Having this information in mind, consider your location of choice when doing your research to ensure that the job availability is inviting in your chosen area. In a field that is ever-changing due to an increase in technological capabilities and biological identification systems, the growth may only continue to increase in the next decade. The Bureau of Labor Statistics estimates this field to see a 27% growth over the next 10 years, which is a great factor in helping students decide on choosing this field (BLS; 2015).
Future of the Forensic Science Degree
Popularity of forensic science degree programs has skyrocketed over the last few years, making this a highly sought after career field for upcoming professionals. The profound interest in crime scene investigation and evidence analysis has increased the number of applicants to open positions and made it even more profitable to obtain higher, graduate-level education.

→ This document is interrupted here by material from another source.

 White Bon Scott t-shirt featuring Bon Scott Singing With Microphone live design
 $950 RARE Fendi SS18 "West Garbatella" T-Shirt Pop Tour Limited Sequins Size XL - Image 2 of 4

Most entry-level positions have a minimum requirement of a bachelor’s degree, but can be overwhelmed with applicants at that degree level. Pairing graduate level degrees with experience can assist you with obtaining heavily desired positions in forensics, without having to assert yourself above others that are attempting to gain the same positions at a lower degree level.
Gaining experience in forensic science can provide for a more profitable career in the future as well as possibly allow for career advancement opportunities within the organization that you currently work. If this is a career that you are interested in, it is definitely worth the time and effort to obtain a degree and get started in a career you will love.